As with all my bean preps I use Rancho Gordo beans and would suggest you do the same. Between the lower cooking time and the superior pot liquor and bean texture they’re hard to beat. I’ve used their Vaquero and Eye of the Goat beans for this but it would work just as well with other similar beans such as Moro or Yellow Eye. Now Steve will tell me that these beans aren’t all really similar…
- 1 lb Rancho Gordo Vaquero or Eye of the Goat beans or similar, rinsed
- 2-3 tez patta/dried cassia or bay leaves
- 3-5 cloves
- 1 tspn cumin seeds
- 1 medium red onion, thinly sliced
- 1 tspn freshly pounded garlic
- 1 tspn freshly pounded ginger
- The following lightly toasted in a skillet, cooled and ground to a fine powder: 1 large piece cinnamon, 1 tspn coriander seeds, 1/2 tspn methi/fenugreek seeds, 2 tspns black peppercorn, 3-5 Byadgi or Kashmiri chillies [affiliate links]

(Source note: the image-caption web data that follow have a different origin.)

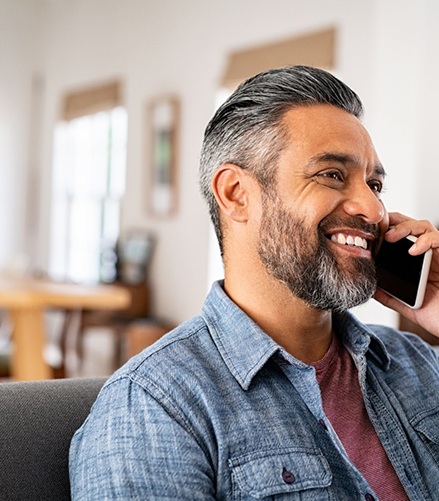 Man smiling while talking on phone at home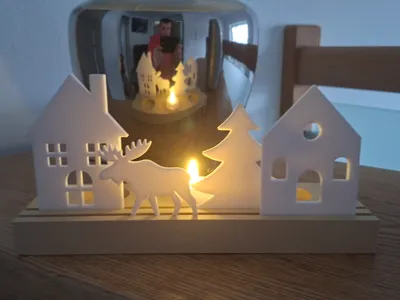Stand with house, moose, and Christmas tree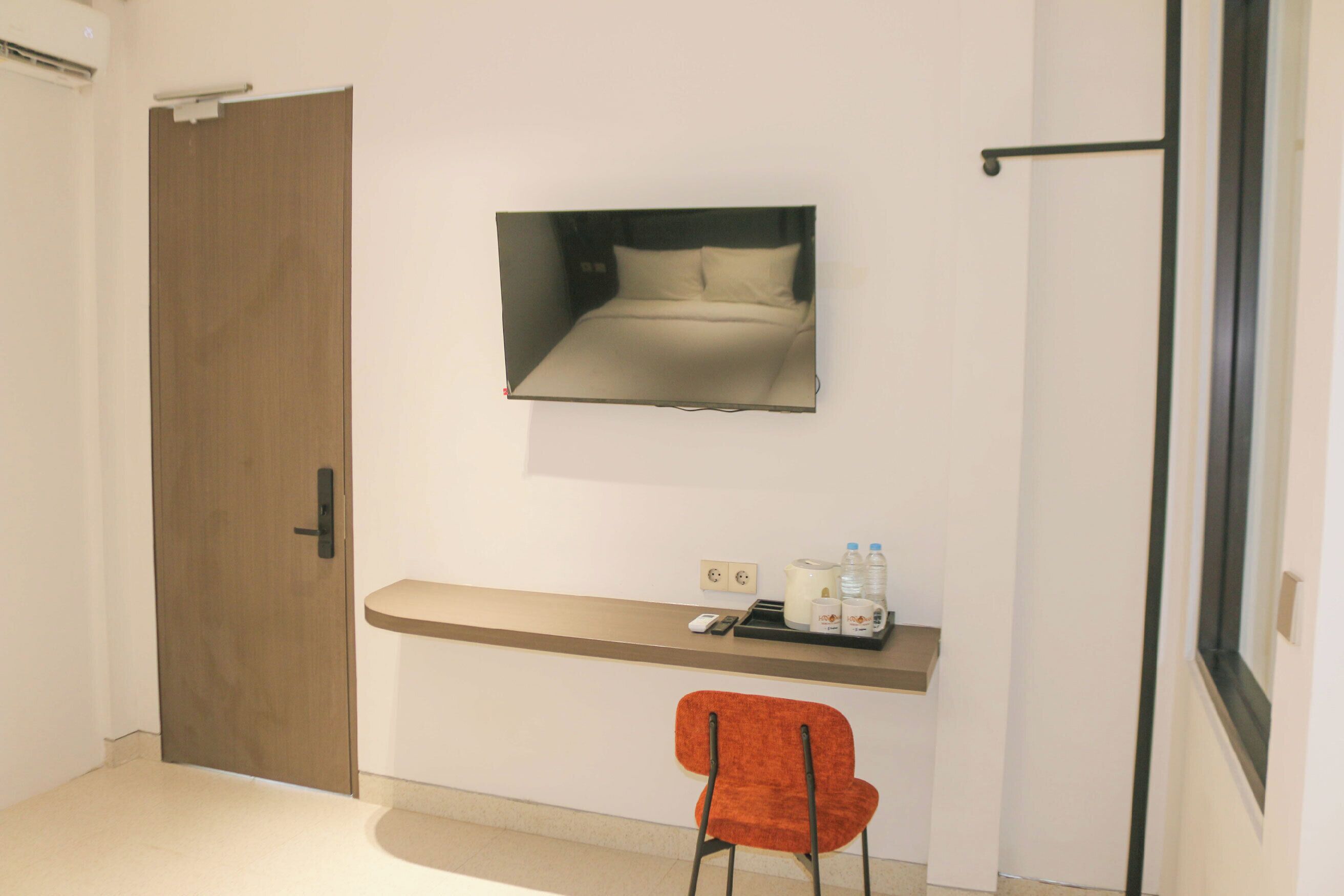 A hotel room with a wooden door, a bed with a headboard, a small desk with a chair, and a mirror on the wall.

- 1/2 tspn haldi/turmeric powder
- 1 oz dark chocolate (85%-unsweetened) cut into small pieces
- 1 tblspn balsamic vinegar
- 1-2 tblspns jaggery/brown sugar
- Water, as needed
- 2-3 tblspns neutral oil like avocado or grapeseed
- Lime quarters
- Place the rinsed beans in your bean pot of choice (clay/stone is best), cover with a few inches of water, add the tez patta and cloves, bring to a boil and hold it there for 10-15 minutes. Lower the heat to a gentle simmer, cover and cook till the beans are done. Check every once in a while to make sure the beans are covered by the water—top up with hot water from a kettle as needed. When the beans are done they should be just poking over the pot liquor in a bean pot that’s quite a bit taller than it is wide.
- While the beans are cooking, prepare the masala as follows in a skillet:
- Heat the oil over medium heat and when it shimmers add the cumin seeds.

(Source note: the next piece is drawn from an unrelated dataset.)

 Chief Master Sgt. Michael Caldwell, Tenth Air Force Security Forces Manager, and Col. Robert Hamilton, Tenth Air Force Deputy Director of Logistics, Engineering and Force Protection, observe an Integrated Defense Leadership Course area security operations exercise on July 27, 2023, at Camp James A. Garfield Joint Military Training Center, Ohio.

- When the cumin seeds split add the onion and salt, lower the heat to medium-low and saute, stirring often for 15 minutes or so or till the onions are softened and browned nicely around the edges.
- Add the pounded ginger and garlic, mix in and saute for another minute.

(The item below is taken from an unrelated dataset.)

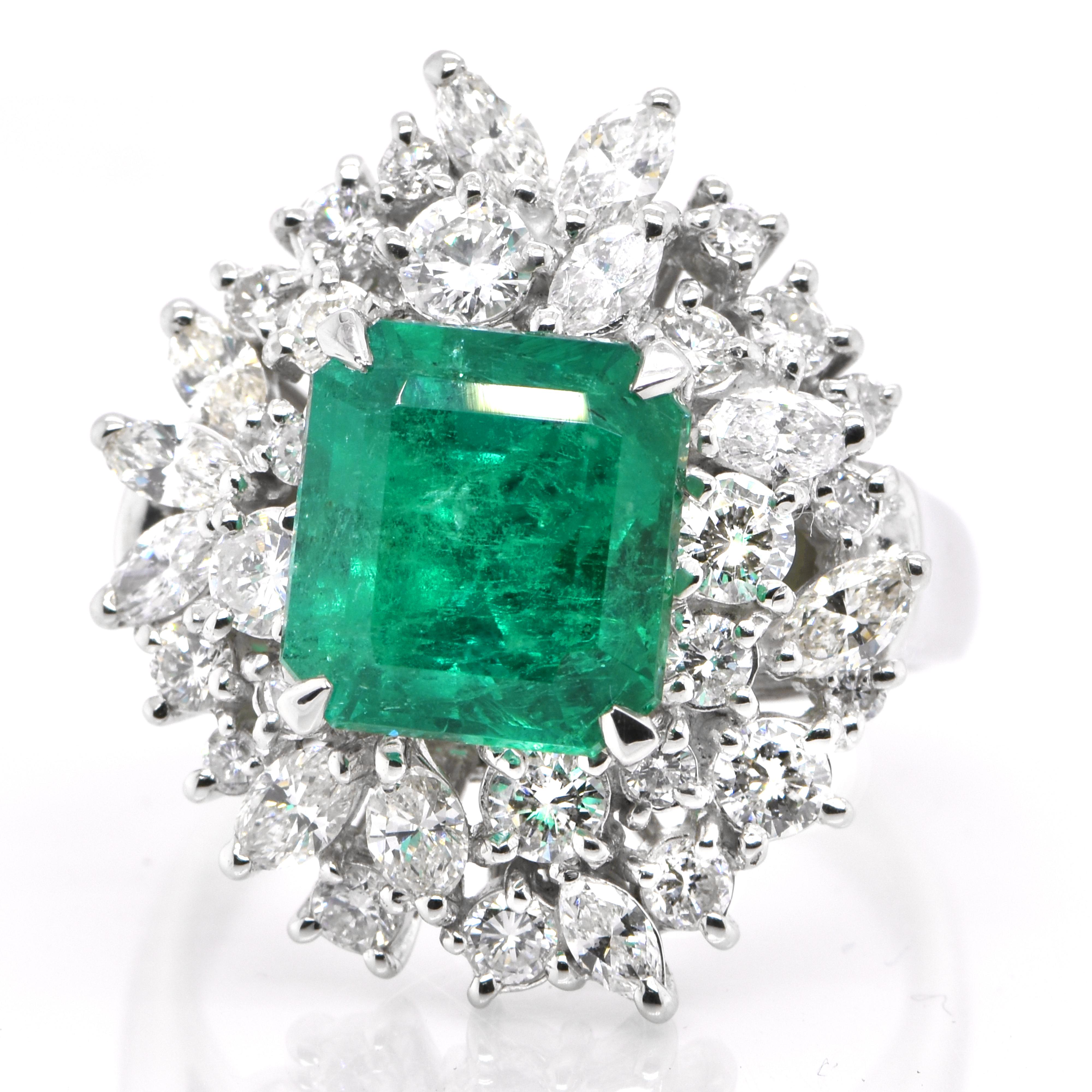A stunning ring featuring a 4.61 Carat Natural Colombian Emerald and 2.10 Carats of Diamond Accents set in Platinum. People have admired emerald’s green for thousands of years. Emeralds have always been associated with the lushest landscapes and the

- Add the powdered spices and turmeric, mix in and saute for another minute or so.
- Add the chocolate, mix until it is completely melted, taking care that it doesn’t stick.
- Add the vinegar and jaggery, mix in and saute till you have a dark brown sludge in the skillet. Hold till the beans are ready.
- When the beans are yielding to the tooth but not yet completely cooked add a couple of ladles of the bean liquor to the skillet to loosen it up and pour the lot in with the beans.
- Simmer, covered, till the beans are completely done.
- Serve with lime wedges with steamed rice or chapatis/flour tortillas
- Resist the temptation to make this very hot. It is not meant to be hot. Byadgi and Kashmiri chillies are mild. If you don’t have any, use a milder Mexican chile such as ancho.
- I’ve made this with 85% chocolate and with 100% chocolate. It’s very good both ways but depending on how bitter your chocolate is you may need to taste and adjust the amount of jaggery/brown sugar you use.
- You can also choose to add more vinegar—maybe as much as one more tblspn. Just taste as you go to get a sense of what the balance of bitter, sour, sweet and earthy flavours is.
- If you don’t finish this at one meal you’ll find the vinegar gives it a slightly “pickled” flavour as it sits in the fridge. If you were to use tamarind rather than balsamic vinegar as your souring agent this would be even more pronounced.
- No matter how much vinegar you use in making the masala make sure to squeeze some lime juice before you eat. It’s good without but the lime juice really sets it off. I prefer not to add any other garnish but you could of course add a bit of chopped dhania/cilantro, radish and/or red onion.